Thursday, January 20, 2011

"Bottoming Out" (potentially dangerous wind chills today, teens by Sunday)

54.2" Snow This Season. .1" snow fell Thursday. We've already picked up more snow in the Twin Cities than any of the 6 previous winters.

Snow on the ground at MSP: 12" (a coating of flurries possible tonight).

Hassle Factor: 4. Dangerous wind chills. Risk of black ice.

Daylight: we've picked up 32 minutes of daylight since the Winter Solstice on December 21. Historically temperatures begin to finally trend upward again the last few days of January, first few days of February.

Heating Degree Days since July 1: 3897. Normal for that same period: 4124 (this means that, believe it or not, we've spent a little over 5% LESS heating our homes and businesses since July in the Twin Cities). Based on heating degree day data from the NWS this winter is running slightly milder than last winter. I know, go figure.

WInd Chill Advisory in effect. A combination of bitter cold and 10-15 mph. winds will make it feel like -20 to -30 F. this morning.
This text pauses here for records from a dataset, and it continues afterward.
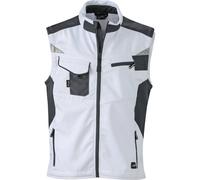 James and Nicholson Men's Craftsmen Strong Softshell Gilet in White | Size: 4XL James and Nicholson White 4XL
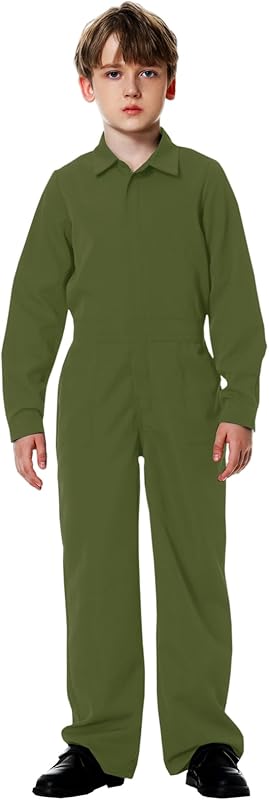 AOBUTE Kids Halloween Boys Solid Color Jumpsuit with Pockets 3-14 Years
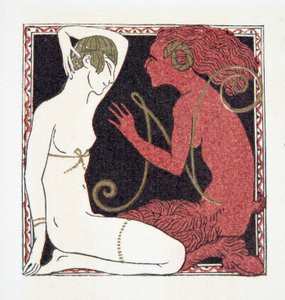 Dopis N, z Personages de Comedie, pub. 1922 (tisk šablony) od Francois Louis Schmied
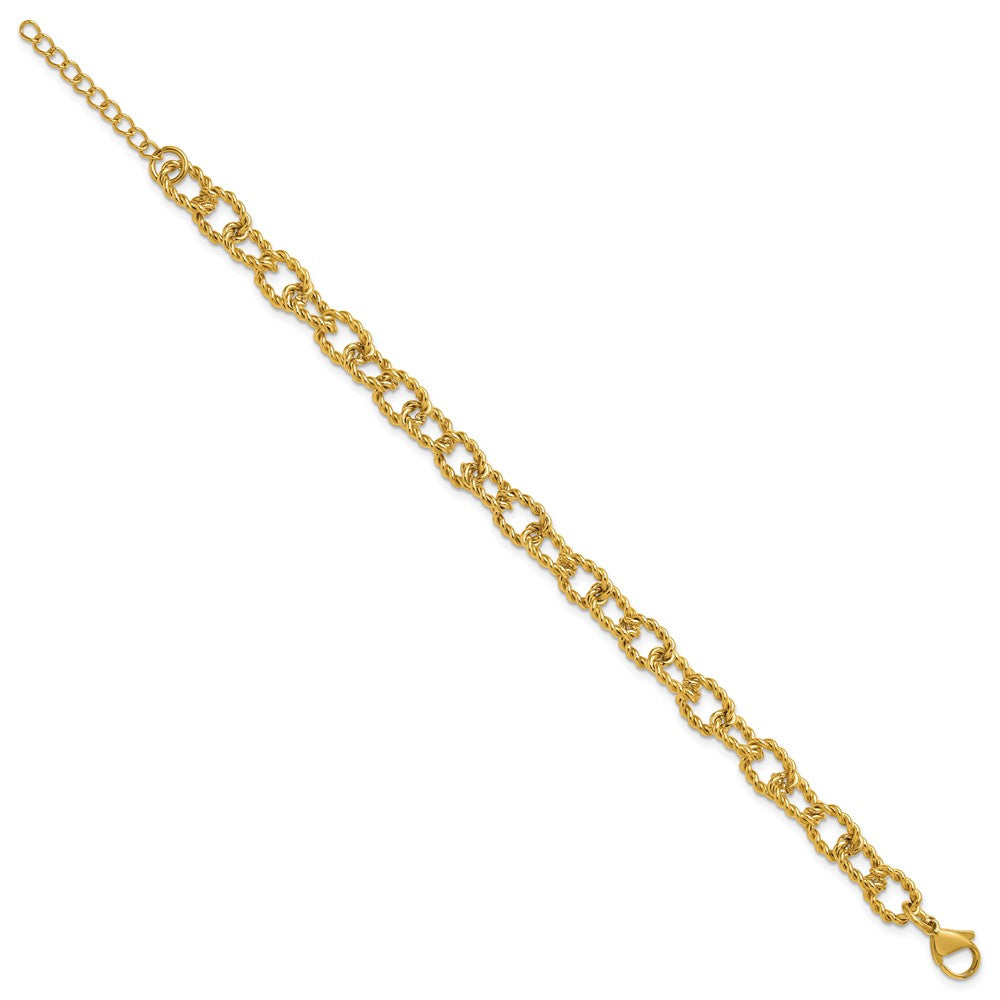 Chisel Stainless Steel Polished and Textured Yellow IP-plated Open Link 7 inch Plus a 1 inch Extension Bracelet SRB3357-7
Frostbite is possible on unprotected skin within 10 minutes.

Today's Record Low: -29 F. (1970)

Saturday Night Clipper may drop 3-6" snow on far southwestern Minnesota, a dusting in the metro, maybe 1-2" far southern suburbs Saturday night into early Sunday.

Quality of Life: 97 (highly subjective and subject to change).

Snow-Weary. Thanks to my friend (and tech guru) Mike Huang from WeatherNation for passing this along, apparently from a church in Milford, Iowa.

A Little Perspective (from Pete Boulay at the MN State Climate Office):

In 2010 the Twin Cities had a low temperature of -15, on January 2.

In 2009 the Twin Cities registered a low temperature of -22, on January 16.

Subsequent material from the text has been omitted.